When Secretary of Housing and Urban Development Shaun L. Donovan ’87 returns to campus for his class reunion, he and his blocking group will search out an old Frisbee golf course hidden behind Harvard Business School.
In the 1980s, security guards regularly reprimanded the group for hitting students and windows with stray Frisbee tosses as they wound their way through the course.
“I got to know the Charles River well and became very good at fishing Frisbees out of the river,” Donovan said.
Steven M. Dauphin ’87, a member of Donovan’s blocking group, remembered Donovan as pragmatic and caring—traits that pushed him toward a career in public service.
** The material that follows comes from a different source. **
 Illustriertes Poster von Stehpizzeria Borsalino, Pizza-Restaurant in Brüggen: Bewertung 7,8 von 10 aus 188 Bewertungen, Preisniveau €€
“As you might expect from an engineer, Shaun first and foremost is a problem solver with a keen understanding of what can realistically be accomplished with a particular set of resources and circumstances,” Dauphin said.
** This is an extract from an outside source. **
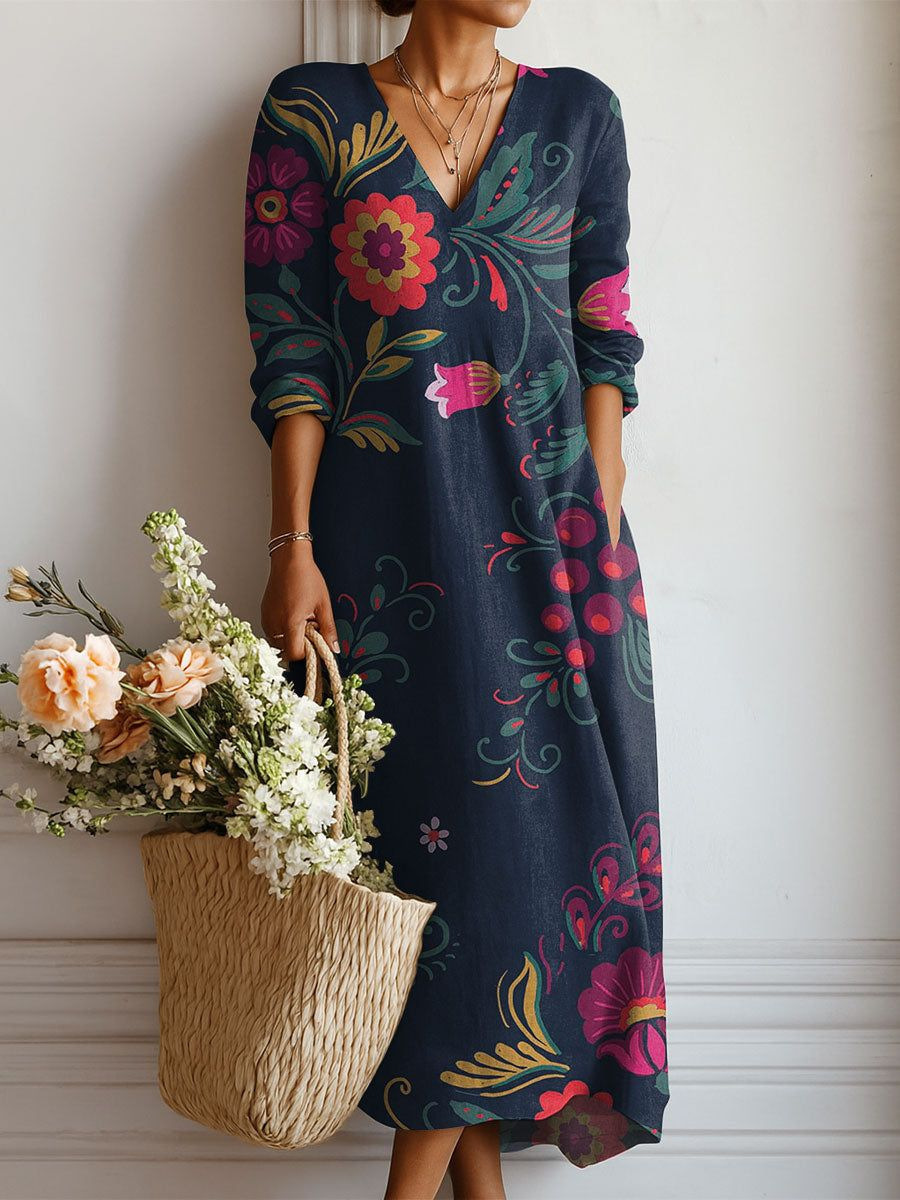 Women's Floral Paisley Print Ruched Bodycon Midi Dress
“With that said, for over twenty years, he has been driven by the simple and powerful ideal that every person in this country should have access to safe, decent, affordable housing,” Dauphin added.
BUILDING INTEREST
As an undergraduate, Donovan began working for a homeless shelter in the Square, an experience he called “formative.”
“For me, that was a very important experience in becoming interested in homelessness and housing,” he said.
Later, as a graduate student at the Kennedy School taking a course called “Literature and Political Reflection,” Donovan revisited public service.
“One of the requirements of the class was that every week you do some sort of service in the community around Boston,” Donovan said.
During this time, he worked at the Algebra Project, which aimed to teach math in a new way to students in underprivileged schools.
“It really was a formative experience for me in getting me interested in the work I do now, something I enormously value about the Harvard experience,” he said.
Donovan also attended the Graduate School of Design, where he said he learned to think about his surroundings in a different way.
“I understood things in a way that I never quite understood. We look at things but often don’t really see them. I thought I knew and thought I understood, but I understood in a different way,” Donovan said. “[Attending GSD] was a remarkable transformation for me.”
Donovan also credits Harvard with pushing him beyond his comfort level. One of his professors once said, “Teaching calls us to be more than we think we can be,” Donovan recalled.
The quote describes “what the Harvard experience can be and should be. For me, it taught me to be more than I thought I could be and it inspired me to work in service,” Donovan added.
COMING BACK
Returning to Harvard 25 years later, Donovan is particularly excited to see the people he’s lost touch with.
“One of the fun things about going back is coming across, bumping into someone, that I hadn’t seen in a long time and hearing about the incredible adventures we’ve had,” Donovan said.
And others are looking forward to catching up with Donovan.
“He’s always been very intelligent, very much concerned with how others are doing. He’s very even tempered,” William E.S. Cleveland ’87 said. “I’m really looking forward to seeing him.”